After this, the haskemd module can be used from any directory. Test it with:
python3 test.py
##Python The provided python wrapper takes two (one-dimensional) numpy arrays and computes the EMD:
python3
>>>import haskemd
>>>arrs = haskemd.equalize(haskemd.sinksrand(1023),haskemd.sourcesrand(1023))
>>>haskemd.emd(a[0],a[1])
232386
sinksrand(1024)
and sourcesrand(1024)
just generates test data with 1024 bins, while the equalize
function makes the distributions have equal mass each.
To try your own, consider the following example:
>>>import haskemd
>>>import numpy as np
>>>a1 = np.array([1,2,3,4])
>>>a2 = np.array([4,3,2,1])
>>>haskemd.emd(a1, a2)
6
You might be prompted for the sudo password while computing the EMD. This is because of a bug upstream in the code for Haskell Accelerate.
##Ground distance In our case, the "ground distance" is the hamming distance.

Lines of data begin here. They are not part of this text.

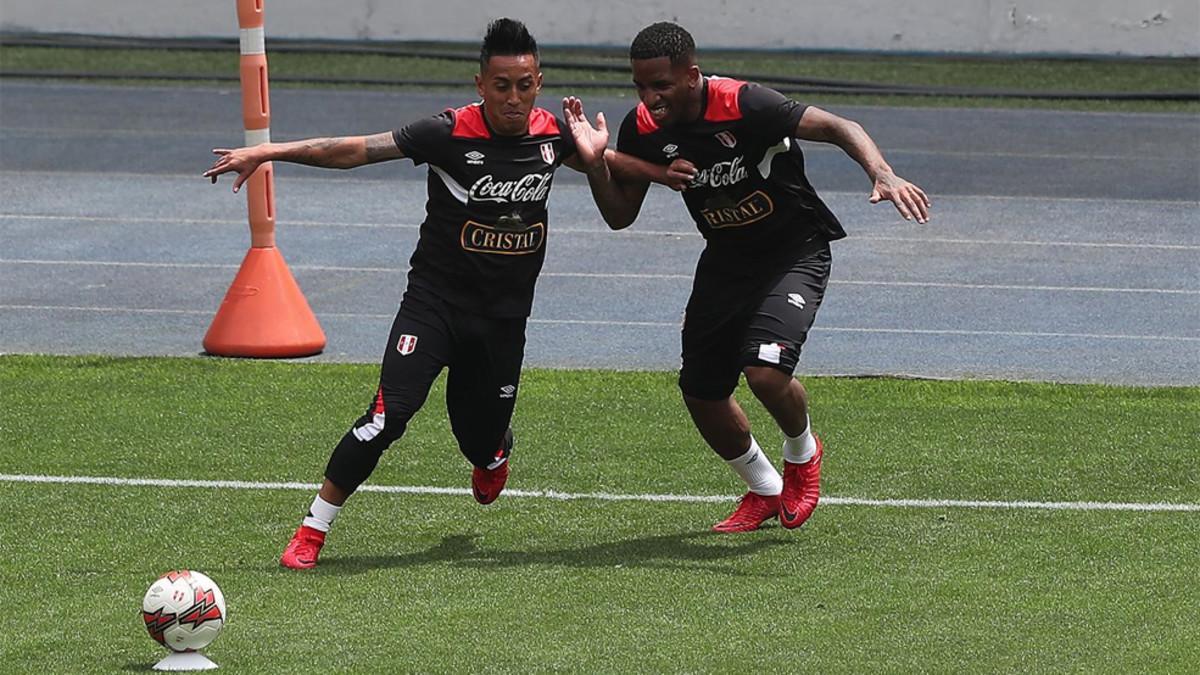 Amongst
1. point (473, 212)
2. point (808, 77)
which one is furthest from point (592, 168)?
point (808, 77)

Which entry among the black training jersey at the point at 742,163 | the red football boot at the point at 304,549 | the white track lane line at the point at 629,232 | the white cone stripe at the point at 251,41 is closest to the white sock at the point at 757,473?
the black training jersey at the point at 742,163

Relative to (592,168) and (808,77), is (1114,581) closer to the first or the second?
(592,168)

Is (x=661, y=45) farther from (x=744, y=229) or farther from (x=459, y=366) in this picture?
(x=459, y=366)

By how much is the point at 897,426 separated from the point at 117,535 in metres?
3.89

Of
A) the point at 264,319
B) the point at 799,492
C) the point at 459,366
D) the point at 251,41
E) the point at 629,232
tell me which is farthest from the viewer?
the point at 629,232

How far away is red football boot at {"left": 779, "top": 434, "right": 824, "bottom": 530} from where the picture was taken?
7.52m

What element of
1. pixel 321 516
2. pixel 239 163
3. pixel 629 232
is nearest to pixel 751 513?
pixel 321 516

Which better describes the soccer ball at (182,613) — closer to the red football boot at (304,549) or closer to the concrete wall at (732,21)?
the red football boot at (304,549)

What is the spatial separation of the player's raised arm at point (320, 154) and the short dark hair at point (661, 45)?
3.11 ft

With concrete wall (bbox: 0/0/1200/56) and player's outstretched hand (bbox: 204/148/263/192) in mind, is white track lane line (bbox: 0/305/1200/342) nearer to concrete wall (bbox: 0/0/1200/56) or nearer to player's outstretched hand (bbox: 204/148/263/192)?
player's outstretched hand (bbox: 204/148/263/192)

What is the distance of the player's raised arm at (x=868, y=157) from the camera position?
6832 mm

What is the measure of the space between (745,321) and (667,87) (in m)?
0.97

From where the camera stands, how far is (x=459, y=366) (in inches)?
289

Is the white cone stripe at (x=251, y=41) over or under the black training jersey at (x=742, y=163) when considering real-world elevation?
under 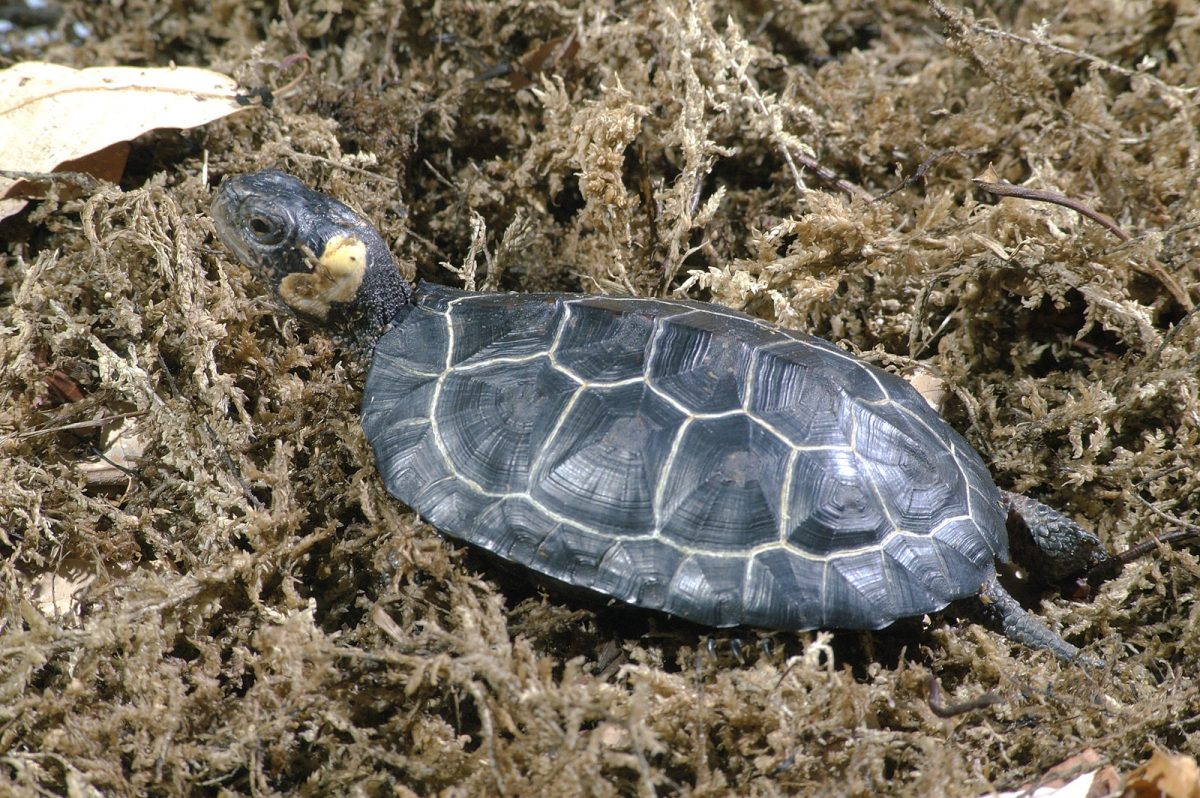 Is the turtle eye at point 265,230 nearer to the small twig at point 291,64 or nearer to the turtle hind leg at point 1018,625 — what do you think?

Moreover, the matrix for the metric is automatically generated. This means that an array like
np.array([0.25,0.5])
must have the correct values in the correct places. dij is based on the indices. Here, d01 would mean the distance between the bin containing 0.25 and the bin containing 0.5. In general, we have dij=hammingDistance i j
##Hamming distance To get the hamming distance from a integer indices, say 3 and 7, we first convert to binary to get 011 and 111. Then we can compute the hamming distance to get 1 (in this case). Hence d37=1
##Stored matrices
After the matrix for a metric is computed, it is stored in the data/
directory. This means that if you compute an EMD between distributions with 8192 bins, every subsequent calculation between distributions with 8192 bins will be faster. As the number of bins gets larger, it becomes necessary to store these matrices in order to guarantee quick runtime.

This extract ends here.